Despite the slideshow of poverty displayed through the Uber driver’s car window, images were spliced in of families and friends taking a break under a tree, having a picnic, and enjoying pleasant days where dogs run free along the grassy areas by the highway. I wonder when I last saw someone flying a kite before today.

Walking the long corridor at the Faena Hotel waiting for a 1980s Al Pacino to stroll by.

The 5 star Faena Hotel feels like a set from Scarface. I walk down the long corridor to the residential side where an apartment weekly rental is on par with one night on the hotel side.

A younger staff member, Luis, checks me in while we fumble over each others languages.
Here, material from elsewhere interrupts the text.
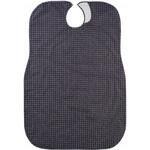 お徳用2枚組まごころ食事用エプロン チェックブラック ウェルファン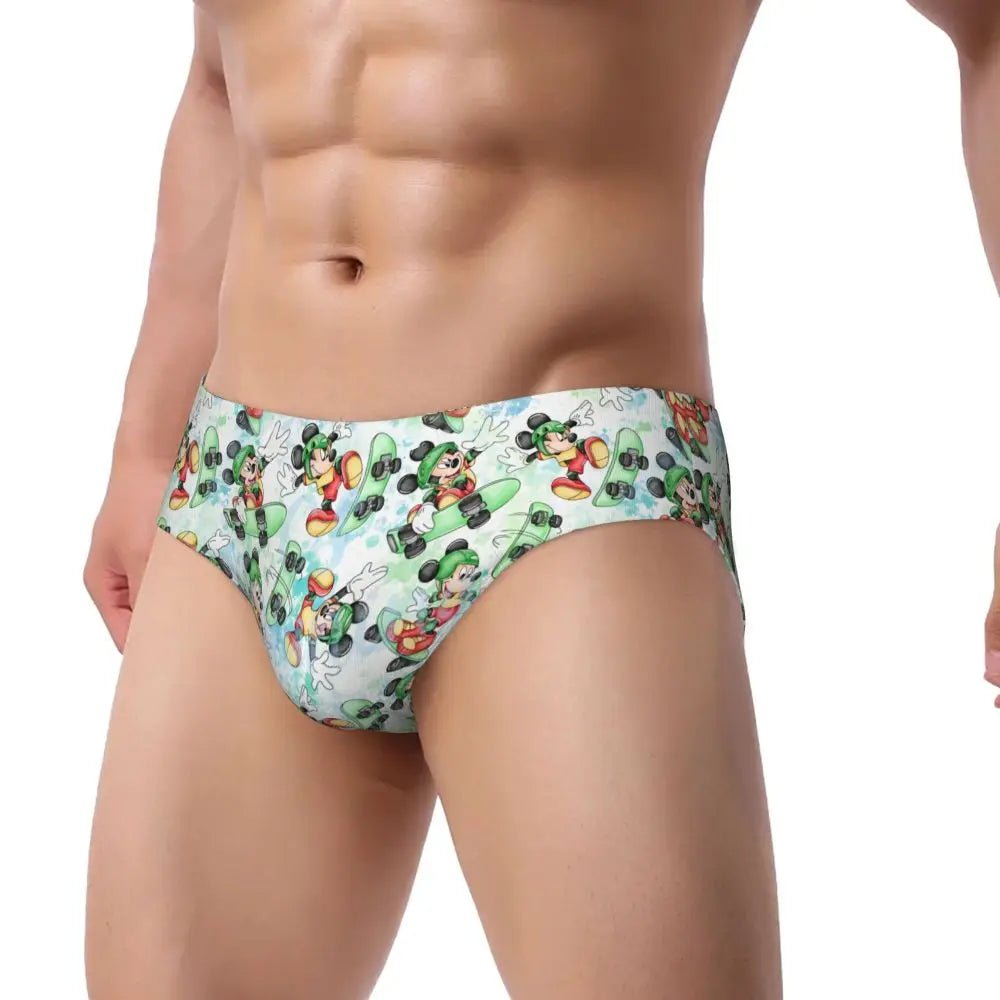 Soft Cartoon Men's Briefs - WOWihte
A more senior staff member behind us laughs at our moments of blankly staring at one other trying to process what the other said.
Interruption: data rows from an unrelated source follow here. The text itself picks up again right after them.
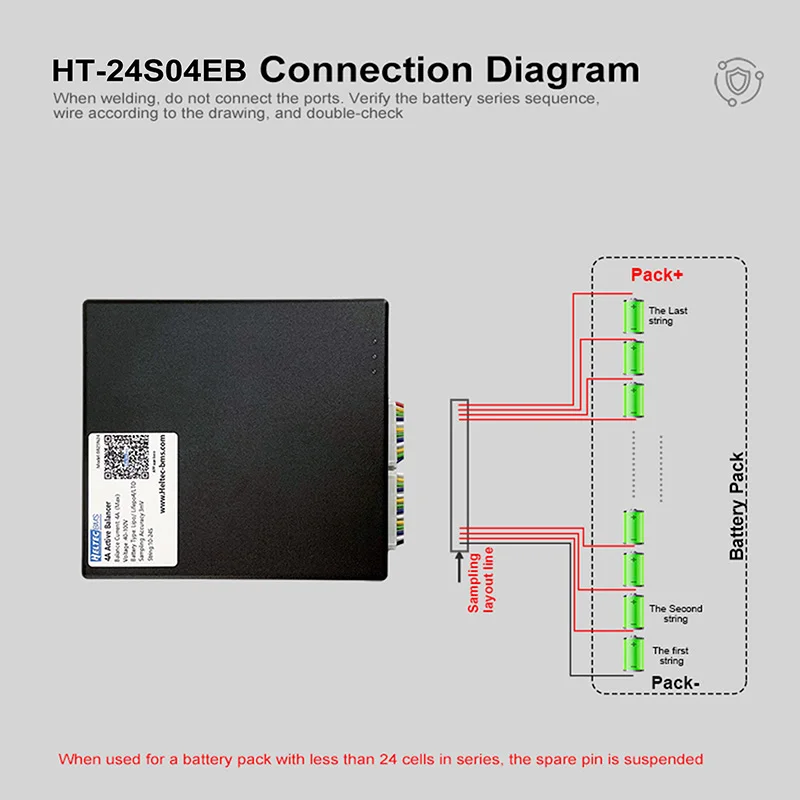10S-24S 4A 10ASmart Active Balance Li-on Lifepo4 LTO Battery with Bluetooth APP 1mv Precision Balancer Equalizer for lto cell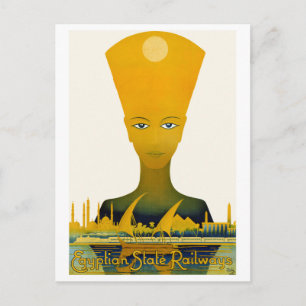 Ägypten Vintage-Reiseposter restauriert Postkarte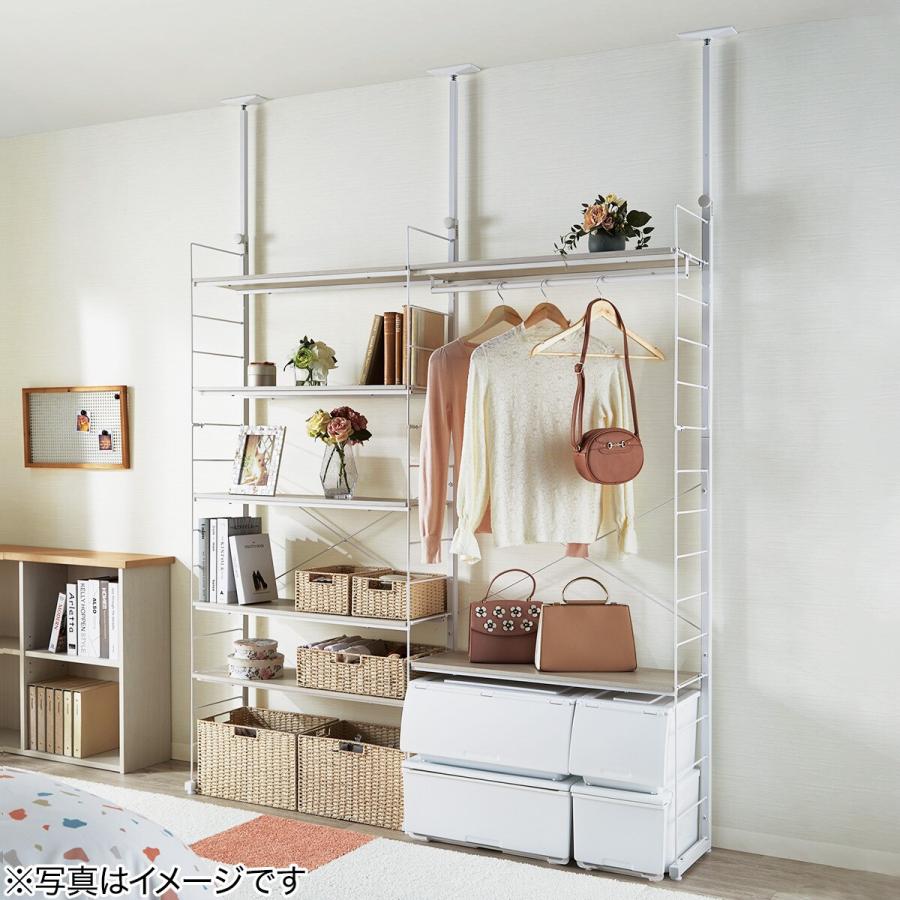 ニトリ Nポルダ用追加サイドパーツ(幅80cm用WH) 棚 スチール ニトリ Nポルダ用追加サイドパーツ(幅80cm用WH) 棚 スチール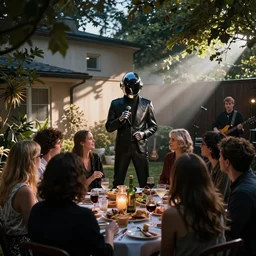 daft punk performing at my back yard bbq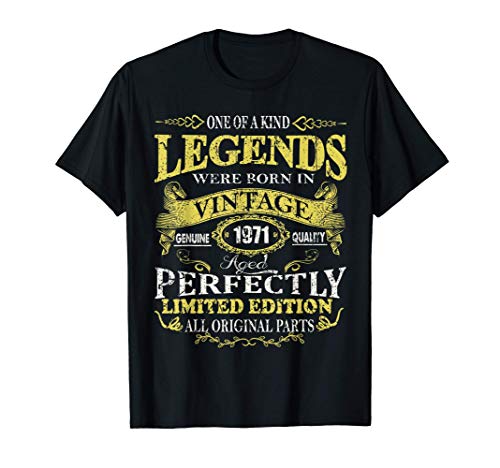 50th Birthday Gifts For Legends Born In 1971 50 Year Old Camiseta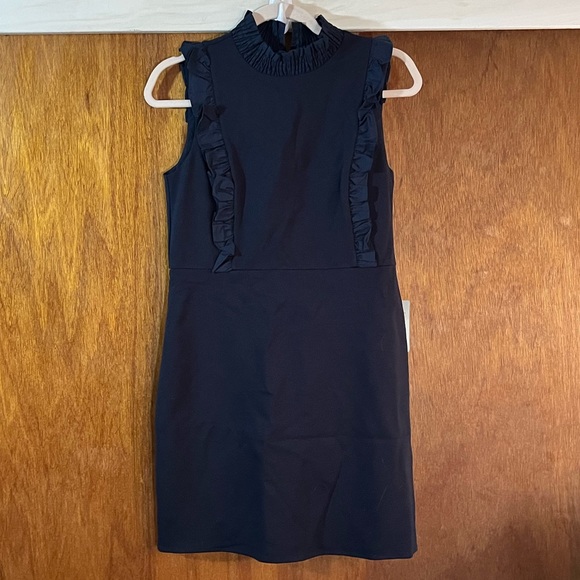 Chelsea28 Dresses & Skirts - CHELSEA28 Navy Blue Dress w Ruffle Detail Sz 4P NWT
While waiting for the apartment to be ready, they seem amused as I dig through my massive suitcase for my swimsuit. Luis asks me for music recommendations, and I offer up Bibio. He insists on showing me the hotel restaurants and hops out of his desk excitedly. I stare down at the mess of half unpacked belongings by their desk, but he is moving quickly down the corridor. I run to catch up with him leaving my things strewn all over the otherwise pristine reception while the older staff laughs again at the absurdity of the situation. I’m shown a blinding white Italian restaurant with taxidermized unicorns on the wall, the bar which I’m relieved to hear also has coffee, and a low-lit Asado restaurant Luis points to and explains “It’s good, but no unicorns.”
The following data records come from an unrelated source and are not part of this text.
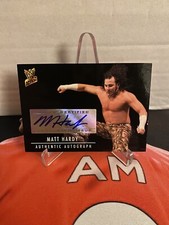 WWE Matt Hardy - 2007 Topps Action Authentic Autograph Card - RARE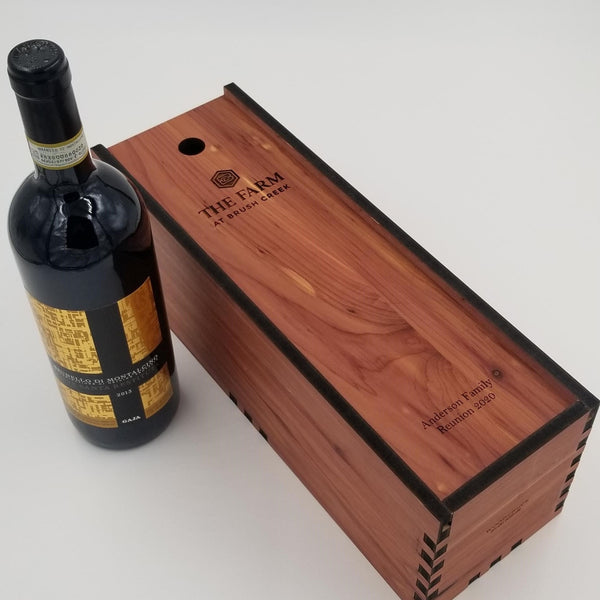 Wine Box in Cedar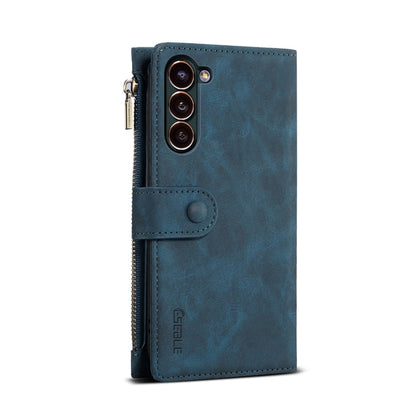 For Samsung Galaxy S24+ 5G ESEBLE Retro Frosted RFID Flip Leather Phone Case(Dark Green)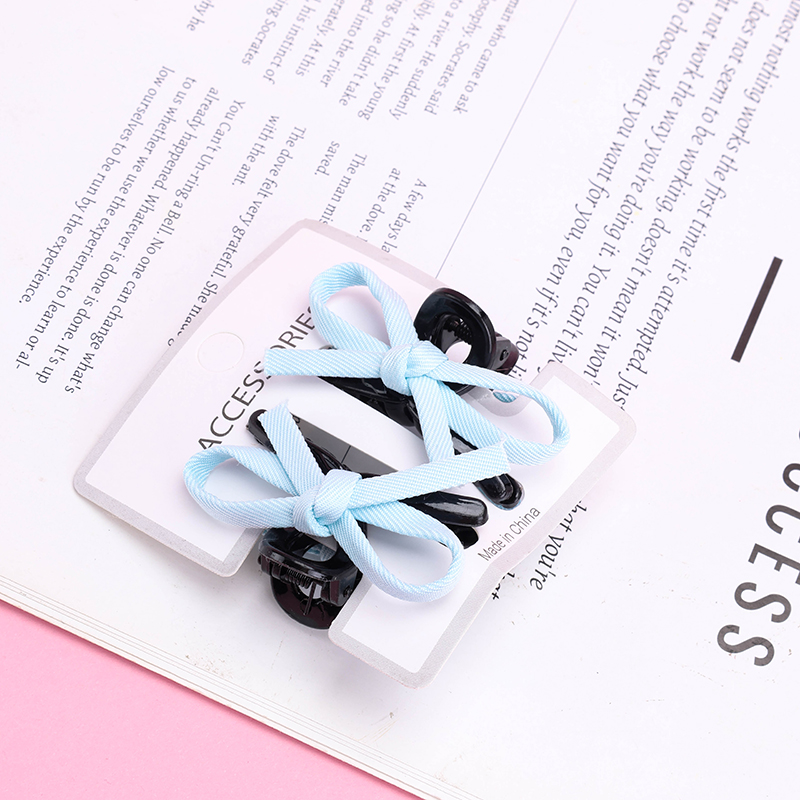 Double-Sided Bow Small Hair Claw Clip Plastic 4011900405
I happily read my borrowed copy of Steinbeck’s Log of the Sea of Cortez by the pool. Meanwhile, two beautiful women in swimsuits with stunning hair and well constructed breast implants talk to groups of men sitting on either side of them. I clock that one of the men is wearing a Trump hat, a curious choice for the visitor in Latin America. Later I learn the women are a mother and daughter pair.

When I return to Luis some hours later for my things and to head to my room, he and the older staff member are listening to Bibio’s “Curls” and tell me they find his music beautiful.

Luis takes me to my room and slightly bowing sheepishly, he tells me in an appreciative but somber tone, “You’re really nice.” I get blindsided by a sadness briefly sweeping over me recalling that people are often cruel.

The week is otherwise spent with me working by the window with my camera nearby, ready and determined to catch opportune photos of hummingbird visitors – which proves to be a near impossible task. The Reserva Ecológica Costanera Sur offers respite in my mornings.

Before departing, I join a group for a mate tasting which included a couple that frequents a bar three blocks from my home in Chicago and those that returned from Antarctica sharing their excitement for the trip. In the evening, I eat at Fogón Asado chatting with a drunk older couple from Georgia enthusiastic and friendly to my right and a couple from Buenos Aires. Though unable to communicate using words with the couple, the girl and I laughed together and making faces at how much food kept coming with each course. I commend the waiter for chasing me down on my way out telling me “You forgot this”, handing me a paper, and turning back into the restaurant. Opening the paper uncovers his phone number – one of the smoothest pickup executions I’ve encountered. Despite my lack of interest, I do respect the effort men make to connect with women when its handled without expectations. I’m especially happy the societal expectation of giving chase is not one I am expected to take on.

Although it is a controversial subject given what they do to their pizza, I admit I am a fan of Argentina’s food.

The only number I end up contacting is in a friendly manner – Gabriela, a masseuse in Faena’s spa. We bonded over our cats and we wanted to learn each others languages. I am grateful for her patience and guidance during my first massage – a previously nerve wracking concept to consider being touched by strangers. I am quicker to trust most people who love animals.